Pero no solo provoca pánico ese supuesto nexo entre el diablo y el sultán, sino especialmente las historias que circulan sobre masacres espantosas: carnicerías en la España del sur, matanzas perpetradas en la toma de Otranto, holocausto de millares de campesinos en Hungría, la decapitación de 2000 personas en Mohacs, la emigración forzada de otros millares de personas en Linz, por ejemplo. La narración de los desastres no escapa a la exageración, es multiplicada por la fantasía de los vecinos desgarrados y por las pinturas sobre la persecución de los santos inocentes que se ponen de moda en los templos, pero crean un clima de sobresaltos difícil de disipar. Aunque no para los gobernantes y los negociantes más espabilados, como el rey francés Francisco I, dispuesto a tratar con el turco para dominar a sus rivales cristianos; o como los comerciantes de la Serenísima Venecia, más interesados en los negocios con sus colegas de turbante que en la preparación de una nueva cruzada; o como los miembros de las dietas de Spira y Nuremberg, que se niegan a colaborar con los vecindarios que claman por auxilio ante la proximidad de las “fuerzas bárbaras”. No ha lugar, no sean tan escandalosos, dicen los representantes de ambas comunidades a los aterrorizados solicitantes. Tal vez no les faltara razón, porque en definitiva los musulmanes salen de la empresa europea con las tablas en la cabeza.

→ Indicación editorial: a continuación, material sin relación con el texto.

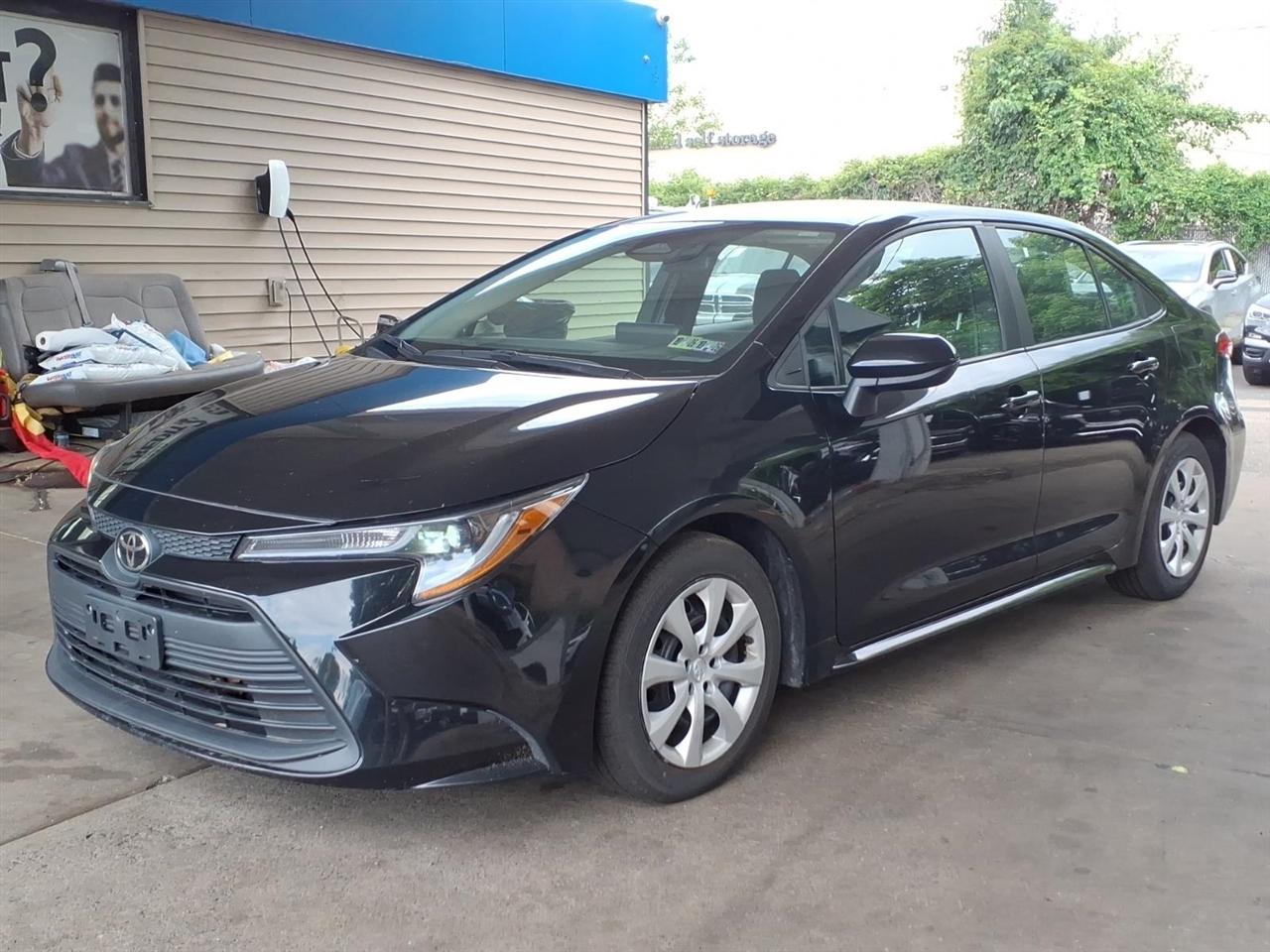 Toyota Corolla  2023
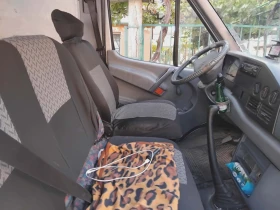 Mercedes-Benz Sprinter 208, снимка 3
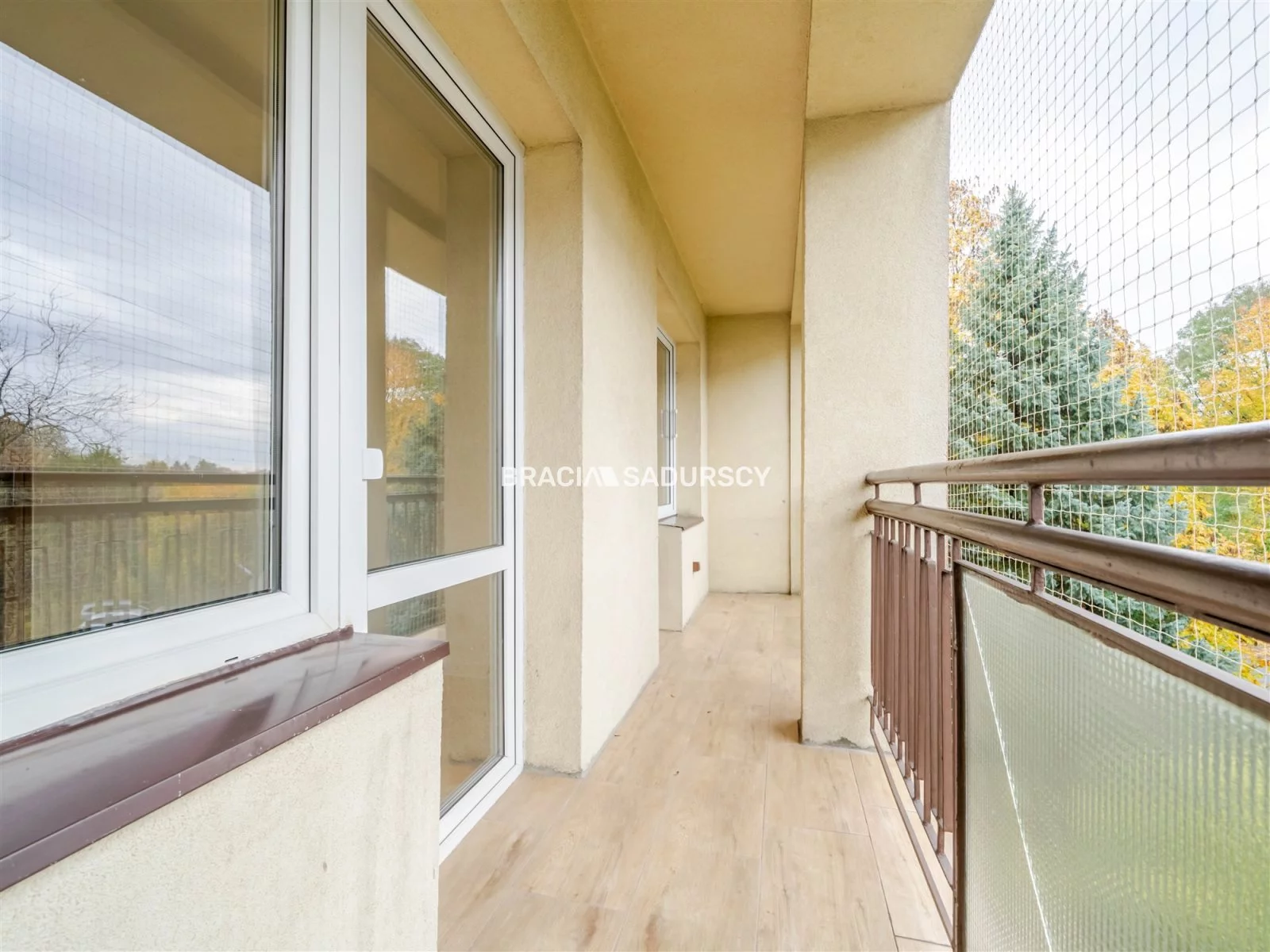 1 pokój, mieszkanie 32,20 m², piętro 2, oferta nr , BS2-MS-312582, Kraków, Prądnik Czerwony, 29 Listopada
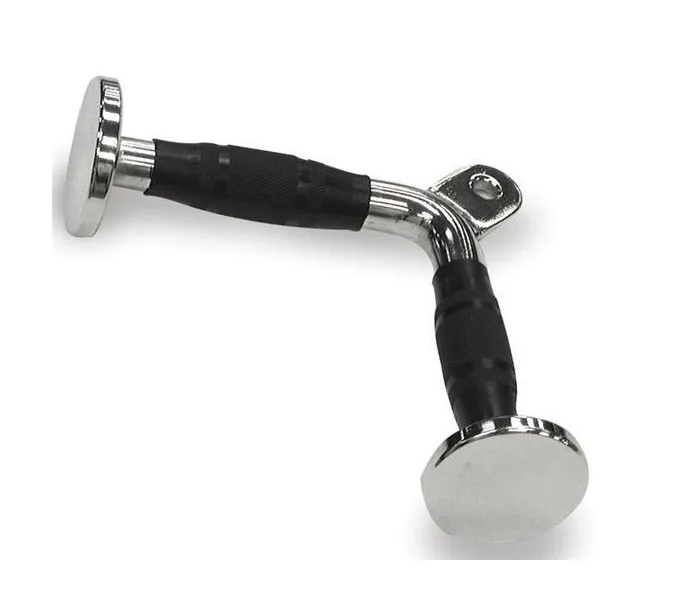 ידית משיכה מצופה גומי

Por órdenes del emperador Carlos V, en las ciudades católicas y protestantes de Alemania se debía tocar durante todas las jornadas de cada año, en todas las iglesias a mediodía, “la campana de los turcos”, para que nadie olvidara jamás el peligro que ellos significaban. Hoy sabemos de la concordia predicada en las profecías de Mahoma y de los sentimientos fraternales de la inmensa mayoría de sus fieles; pero, después de la fundación de las repúblicas islámicas, del derrumbe de las Torres Gemelas, del sangriento atentado contra los periodistas de Charlie Hebdo y del surgimiento de milicias terroristas como ISIS, ramificadas allá y acullá, quizá no pierdan el tiempo las orejas atentas a las señales de los viejos campanarios. Estamos ante un miedo sin motivos para desaparecer.